Q : Pouvez-vous nous parler un peu plus de la façon dont vous avez vécu l’inclusion en classe ordinaire ?
R : L’inclusion à l’époque, j’en étais un peu le cobaye. On n’avait pas tout le matériel qui existe aujourd’hui. Toutes les transcriptions de documents en braille se faisaient par fax puisqu’il n’y avait pas Internet. Elles revenaient par courrier avec des délais épouvantables. Le rythme était extrêmement soutenu, surtout sans AVS. En clair, jusqu’à ma Terminale, je n’allais jamais au cinéma ou ne faisais jamais d’activités pour moi. J’étais à fond dans ce projet scolaire, je n’avais pas le choix.
Durant mes années de 6ème et de 5ème donc, j’ai tout fait à l’oral car j’étais toujours en apprentissage du braille. C’était une personne qui travaillait pour l’Association Valentin Haüy (association venant en aide aux personnes malvoyantes et non voyantes), mais qui avait été enseignante auparavant, qui m’y aidait. Elle avait un rapport pédagogique intéressant. Pendant ces deux années, deux après-midis dans la semaine étaient consacrés à l’apprentissage du braille que j’apprenais pendant 3h les lundis et vendredis. C’est ma mère qui m’emmenait à ces cours. C’était vraiment éprouvant. Je devais concilier une scolarité ordinaire avec 6h de braille par semaine pour pouvoir l’utiliser de manière autonome et efficace.
Le passage par une oralisation complète a été très compliquée. Cela demandait un investissement important des membres de ma famille qui devenaient mes lecteurs. Moi, cela me demandait une concentration du tonnerre : en sortant de cours, je devait connaître 90% de ma leçon pour ne pas monopoliser ma famille le soir. Le point positif, c’est que j’ai vraiment pu développer ma mémoire… !
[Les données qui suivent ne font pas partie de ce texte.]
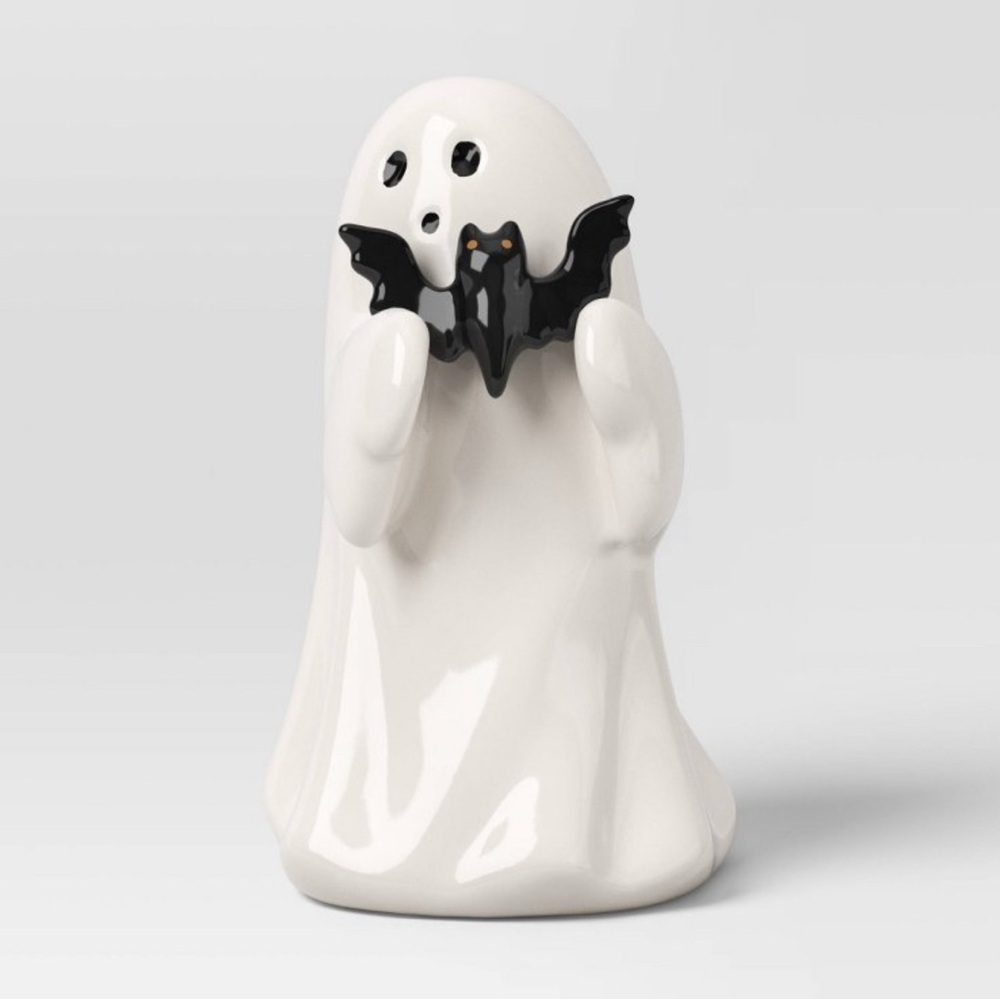 SOLD OUT target Ceramic Ghost Bat Halloween Figurine Hyde and EEK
Puis, à partir de la 4ème, j’ai commencé à travailler en braille. Mon premier ordinateur braille était un Notex, un outil avec très peu de mémoire. En fait, je ne pouvais que prendre en notes mes cours. Tout le reste était sur papier, sachant qu’il n’existait pas de possibilité de transcription par informatique à ce moment-là : on en était aux balbutiements du braille informatique.
Q : Vous avez ensuite passé votre bac. Comment cela s’est-il déroulé ?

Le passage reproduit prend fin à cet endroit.